В историю вмешиваются дожди

   Предваряя исследование, мы уже дали краткое географическое описание той территории, которая лежит между китайской стеной и огромным зеленым заслоном сибирской тайги, ограничивающей полосу степей с севера. В интересующую нас «темную» эпоху обе эти стены были прорваны. С одной стороны центральноазиатские кочевники – кидани, проникли в Китай и поселились в нем, покинув родные степи, а с другой – предки якутов, курыканы, двинулись в Сибирь.
   Если переселение киданей не вызывает немедленного вопроса: зачем? (ведь большинство историков не ведает очарования степей), то переход в Сибирь требовал объяснения. Кажется на первый взгляд, что здесь нарушение этно-географического принципа, согласно которому народ ищет для поселения ландшафт, сходный с тем, в котором он сложился. Но нет, переселения курыкан совершались по великой реке Лене на плотах, влекомых течением, и оседали курыканы на прибрежных лугах и долинах, окаймляющих прозрачные озера. Однако все красоты северной природы не восполняли потери душистых степей Прибайкалья, уступленных курыканами бурятам, в свою очередь покинувшим еще более сухое Забайкалье[96].
   Вспомним, что тогда же приаральские степи покинули печенеги, а прибалхашские – карлуки. Похоже, что здесь не простое совпадение событий, а какое-то явление общей закономерности, характерной для Центральной Азии в Х в.

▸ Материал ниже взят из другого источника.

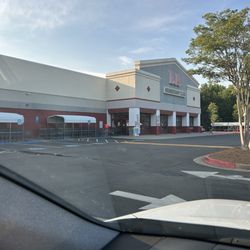 BJ's Wholesale Club - Front of store.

   Итак, нам известны следствия, но причины неясны. Конечно, проще всего заявить, что шло развитие и народы начали вести себя по-иному. Но ведь точно и бесспорно, что социальное развитие зависит от прогресса хозяйственной деятельности, от технических усовершенствований, а какие могут быть усовершенствования при пастушеском хозяйстве? Форму кнута или аркана менять незачем, Так что же – застой?
   И тем не менее изменения происходили, и масштаб их был не меньше, а больше, чем в оседлых, земледельческих странах, если, конечно, мы будем сравнивать равные отрезки времени: например, век с веком. Так принято в естественных науках при сопоставлении функциональных зависимостей, и нет никаких причин отказываться от этого плодотворного метода по отношению к рядам исторических событий, объединенных причинно-следственной связью. Вот на этой базе мы и попробуем решить поставленную проблему.

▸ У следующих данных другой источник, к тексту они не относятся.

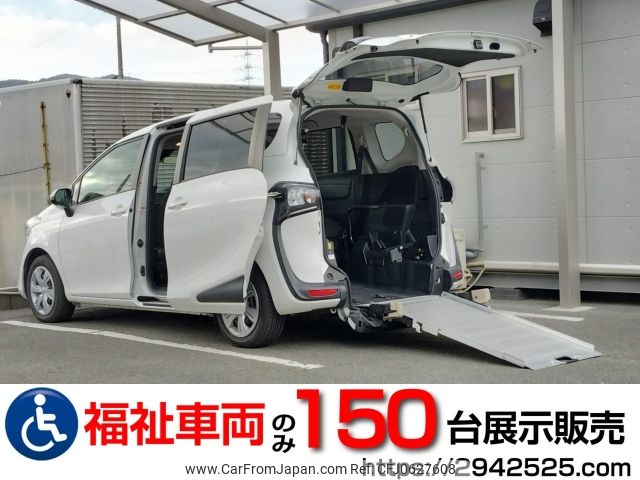 toyota sienta 2018 -TOYOTA--Sienta DBA-NSP172G--NSP172-7007869---TOYOTA--Sienta DBA-NSP172G--NSP172-7007869- image 1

   Аналогом атлантических циклонов в Восточной Азии являются тихоокеанские муссоны, точно так же меняющие пути прохождения. Иногда они несут влагу в Монголию, и тогда сужается Гоби, зарастают лесом склоны Хэнтэя и наполняется водой Байкал. Иногда, сдвигаясь к северу, они изливаются на склонах Яблоневого хребта и стекают обратно через Амур, а в третьем случае – орошают Камчатку. Эпохи прохождения муссонов хронологически совпадают с прохождениями циклонов через западные степи. Доказательством этого служит уровень Байкала, на 50% наполняющегося через Селенгу из степной зоны. Он находится в оппозиции к Каспию и совпадает с Аралом и Балхашем[97]. Несмотря на то что археологические работы вокруг Байкала не ставили себе целью установить исторические колебания его уровня, мы тем не менее можем уточнить эпохи усыхания степей, исходя из того, что нам хорошо известна история Каспия. Благодаря подмеченной закономерности нетрудно сделать вывод, что эпоха повышенного увлажнения степей в IX в. сменилась засухой, закончившейся в начале XI в. За это время произошло выселение из степей на ее окраины тюркских народов и обратное заселение степи приамурскими народами, предками монголов и монголоязычных татар, которые освоив новый богатый район, размножились и усилились.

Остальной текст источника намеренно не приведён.